If you want news from today, you have to come back tomorrow.
>> Now we can do more than write ones and zeros to a disk: We can actually write code that tells a machine how to extrude, cut, bend
Keep it up. You'll invent programmable robots and automated control systems within a week at that pace.
. . . warns you to stop before you rip a hole in the fabric of reality.
Either it is alluding to nuclear reactor control software or this article is utter technobabble.
The significance of this article is unclear. I suppose the OP is pointing out the fact that programming languages are becoming more specific and 'tangible' to real-world applications.
Today, many of the new markets and opportunities for developers live in the real world. Rapidly developing domains such as autonomous cars, smart homes, intelligent office spaces, and mass customization require programmers to be savvy about how changes in data structures can lead to changes in objects.
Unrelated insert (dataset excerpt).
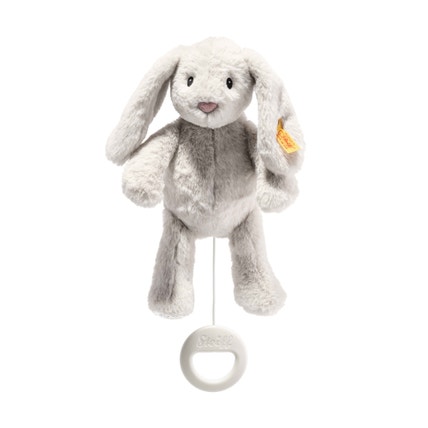 My First Steiff Hoppie Rabbit 10 in light grey Steiff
I think this quote is sort of the thesis of the article. Even still it's really ambiguous. What opportunities don't live in the 'real world'? Does he mean that information transfer isn't 'physical'? Or is he specifically talking about robotics? User-interfaces? This person needs to work on clarity, and this article should not have been posted on Slashdot.
Wow - that takes me back to the 70s.... Age of Aquaruis type stuff...
So is there ANYTHING that cannot seem profound under the correct combination of drugs/food/music/etc... ?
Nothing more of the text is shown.